──────── PROVIDED RECORDS

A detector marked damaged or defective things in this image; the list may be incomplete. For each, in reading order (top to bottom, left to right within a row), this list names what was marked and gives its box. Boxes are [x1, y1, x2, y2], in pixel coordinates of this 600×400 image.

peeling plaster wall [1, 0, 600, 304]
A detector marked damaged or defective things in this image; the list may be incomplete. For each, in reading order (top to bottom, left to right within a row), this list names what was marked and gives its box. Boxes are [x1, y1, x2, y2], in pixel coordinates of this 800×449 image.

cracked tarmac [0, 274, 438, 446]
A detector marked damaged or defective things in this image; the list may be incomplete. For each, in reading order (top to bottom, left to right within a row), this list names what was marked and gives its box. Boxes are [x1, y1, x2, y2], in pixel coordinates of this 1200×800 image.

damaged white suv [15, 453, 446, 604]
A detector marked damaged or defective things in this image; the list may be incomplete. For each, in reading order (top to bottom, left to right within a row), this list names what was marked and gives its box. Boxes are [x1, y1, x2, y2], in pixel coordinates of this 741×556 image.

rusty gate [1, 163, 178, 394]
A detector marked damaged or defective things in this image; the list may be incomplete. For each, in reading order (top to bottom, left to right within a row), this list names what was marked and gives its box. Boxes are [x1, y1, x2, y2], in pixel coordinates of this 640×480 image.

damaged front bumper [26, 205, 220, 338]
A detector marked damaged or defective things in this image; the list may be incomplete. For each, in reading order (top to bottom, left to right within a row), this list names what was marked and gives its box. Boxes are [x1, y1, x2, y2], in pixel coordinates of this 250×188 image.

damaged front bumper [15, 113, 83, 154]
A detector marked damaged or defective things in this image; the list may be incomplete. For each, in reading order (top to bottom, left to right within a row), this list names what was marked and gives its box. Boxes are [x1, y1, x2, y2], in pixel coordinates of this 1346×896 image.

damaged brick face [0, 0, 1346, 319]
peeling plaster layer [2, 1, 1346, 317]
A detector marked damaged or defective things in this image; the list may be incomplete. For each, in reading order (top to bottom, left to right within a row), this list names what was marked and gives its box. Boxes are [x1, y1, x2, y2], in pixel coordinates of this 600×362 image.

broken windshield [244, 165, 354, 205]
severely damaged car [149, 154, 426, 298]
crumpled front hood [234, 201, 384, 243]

────────────────

The "this 1346×896 image." line through the last line above: set these down exactly and add nothing else.

A detector marked damaged or defective things in this image; the list may be incomplete. For each, in reading order (top to bottom, left to right within a row), this list names what was marked and gives its box. Boxes are [x1, y1, x2, y2], in pixel coordinates of this 1346×896 image.

damaged brick face [0, 0, 1346, 319]
peeling plaster layer [2, 1, 1346, 317]
A detector marked damaged or defective things in this image; the list may be incomplete. For each, in reading order (top to bottom, left to right within a row), this list names what was marked and gives its box. Boxes are [x1, y1, x2, y2], in pixel coordinates of this 600×362 image.

broken windshield [244, 165, 354, 205]
severely damaged car [149, 154, 426, 298]
crumpled front hood [234, 201, 384, 243]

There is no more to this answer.